企業のコスト構造は業種や時代によっても大きく異なるが、コストマネジメントを考えたときに共通して必要な視点が、固定費の低減である。
設備や人件費といった固定費の比率が大きいフィットネスクラブでは、特にコストマネジメントを徹底して固定費を最適化することで、売上の増減による著しい業績の変動を緩和することができる。

固定費の低減は効果的なマネジメントであることは確かだが、もちろん固定費を極限まで削減すればいいということではない。
そこには必ず「顧客視点」が求められる。
元ウィスコンシン大学マーケティング学部教授でクラブ経営の経験もあるチャーリー・スウェイン氏は、フィットネスクラブでコストの効率化を図る場合には、メンバーへの影響を優先し、プロモーション、プログラム、人、価格、設備、施設の順番にメスを入れるべきであるとしている。
クラブのタイプや資源の状況、クラブの持つ差別的優位性によって、その優先順位は変わってくるが、いずれの場合にも会員の満足度を考えて質を下げないコストマネジメントを図ることが、最終的なクラブの利益につながると言える。

「ライフサイクルコスト」の考え方

ライフサイクルコスト(LCC)とは、製品や商品、建造物などにかかる費用を、製造の段階だけでなく使用から維持、廃棄までトータルして考えたものである。
施設や設備、備品などのコストマネジメントには当然このLCCの視点が無くてはならないが、短期的な利益ではなく長期的な価値に焦点を合わせるというその概念は、必ずしもモノだけでなく、フィットネスクラブのコストマネジメント全体に取り入れられるべきものである。

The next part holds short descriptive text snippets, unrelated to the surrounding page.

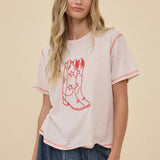Western Boots Embroidered Contrast Stitch Tee - RTK1112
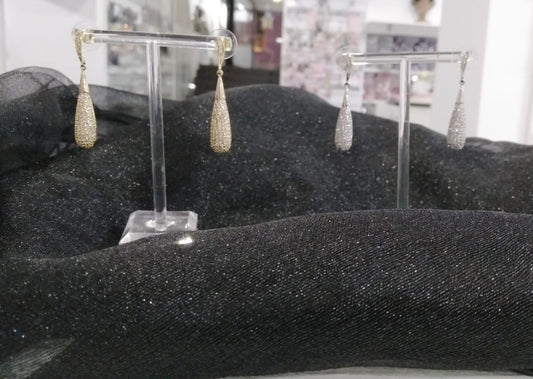 Pendientes lágrima cristal dorado y plateado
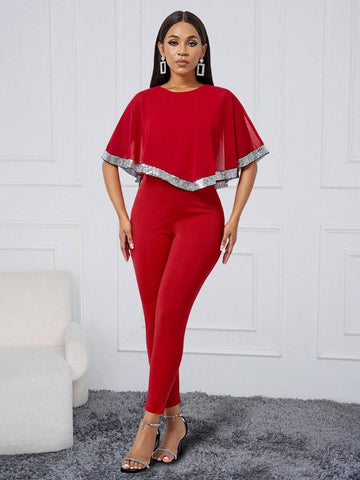 Women's Summer Asymmetrical Sparkle Patchwork Ruffle Trim Round Neck Party Jumpsuit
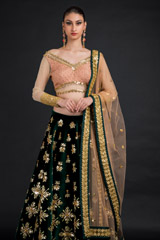 Dark Green Velvet Lehenga_DSC4701-Edit
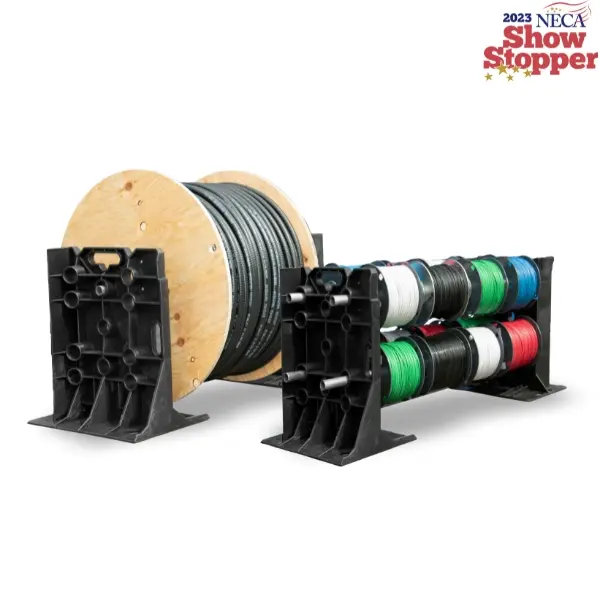 [11470] 11470 Rack-A-Tiers XL - Wire DispenseR 22” tall and 13” wide, which means it’s rated for reels up to 40” (1m) in size and weights of 500 lbs. (226 kg) – much more than the original Rack-A-Tiers.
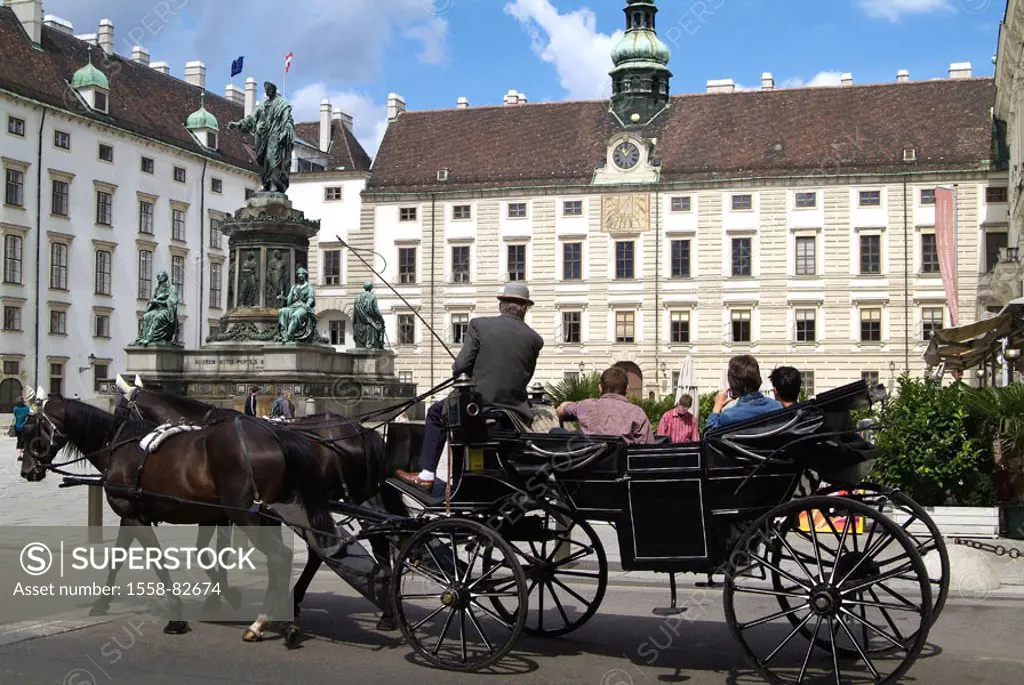 Austria, Vienna, old Hofburg, street, Horse carriage  Capital, culture city, construction, sight, Fiaker, carriage trip, tourists, sightseeing, City r...
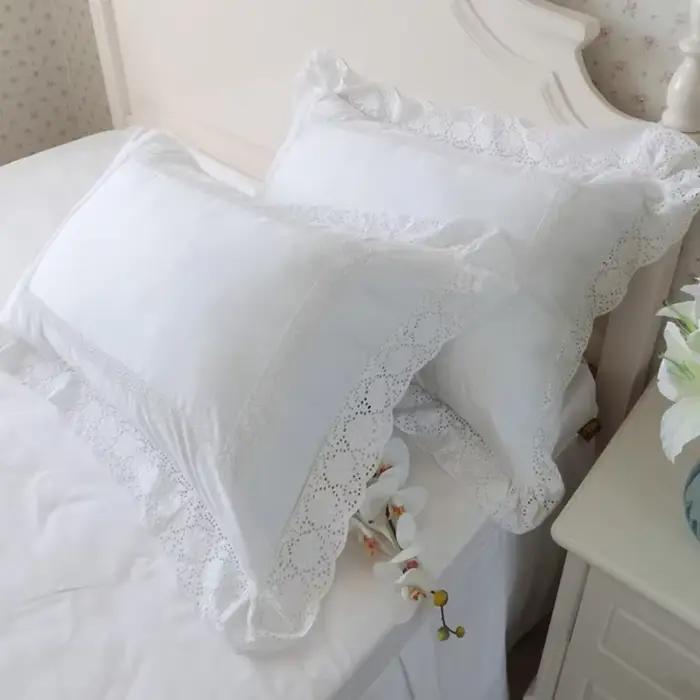 1 pièce taie d'oreiller blanc pur volants dentelle oreillers couverture à la main tout-match literie taies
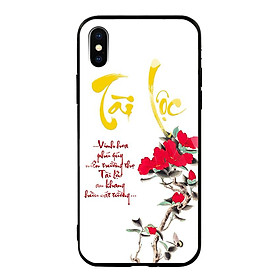 Ốp Lưng Kính Cường Lực cho điện thoại Iphone X / XS - 03005 7933 TAILOC02 - in chữ thư pháp Tài Lộc - Hàng Chính Hãng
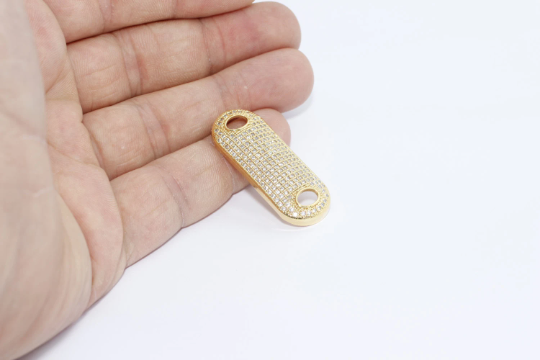 15x39mm 24k Shiny Gold Bracelet Charms, Micro Pave,         ZRCN38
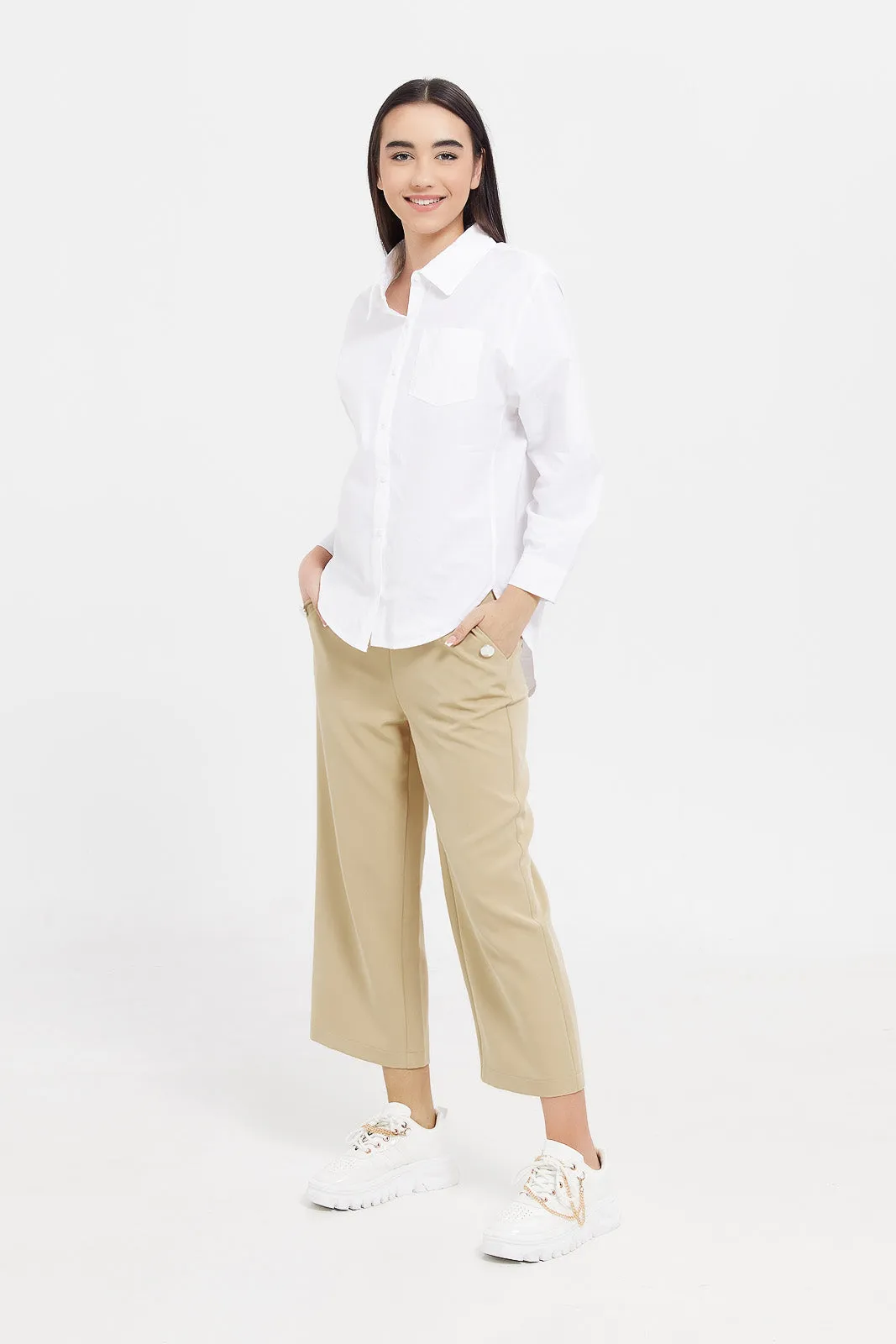 Senior Girls Beige Button Front Pants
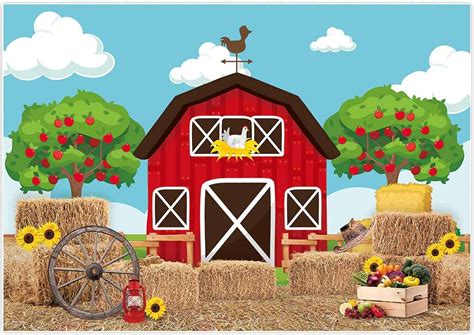 Buy Allenjoy 7x5ft Cartoon Farm Red Barn Backdrop Farmhouse Haystack ...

長期的な視点に立ち、顧客満足度やクラブのクオリティを犠牲にしない範囲でコストを管理し、顧客と自社の利益を最大化するために分配していくというバランス。
それこそがコストマネジメントでは重要になる。

~ここまで~

総合型クラブやジムスタ型クラブなど比較的規模の大きいフィットネス施設は、業種転用が難しく、運営企業が撤退する際に、同業他社の引き受けを模索するケースが多いと言えます。

つまり、ライフサイクルコスト(LCC)の視点だと、非常に効率が悪い建造物であるということです。
また、脱炭素といった環境保全の観点でも、ランニングマシンなどの有酸素系マシンの電力消費や大型ゆえの空調設備肥大化、シャワー・スパ施設の水道光熱使用量など時代にそぐわない無駄が生じているように思います。

近年益々、企業の経営スタンスと消費者の選好が密接に絡み合うようになってきておりますので、この辺りの遅れもパンデミック以降の業績回復が業種比較で緩やかに留まっている要因の一つかもしれません。

お読みいただきありがとうございました。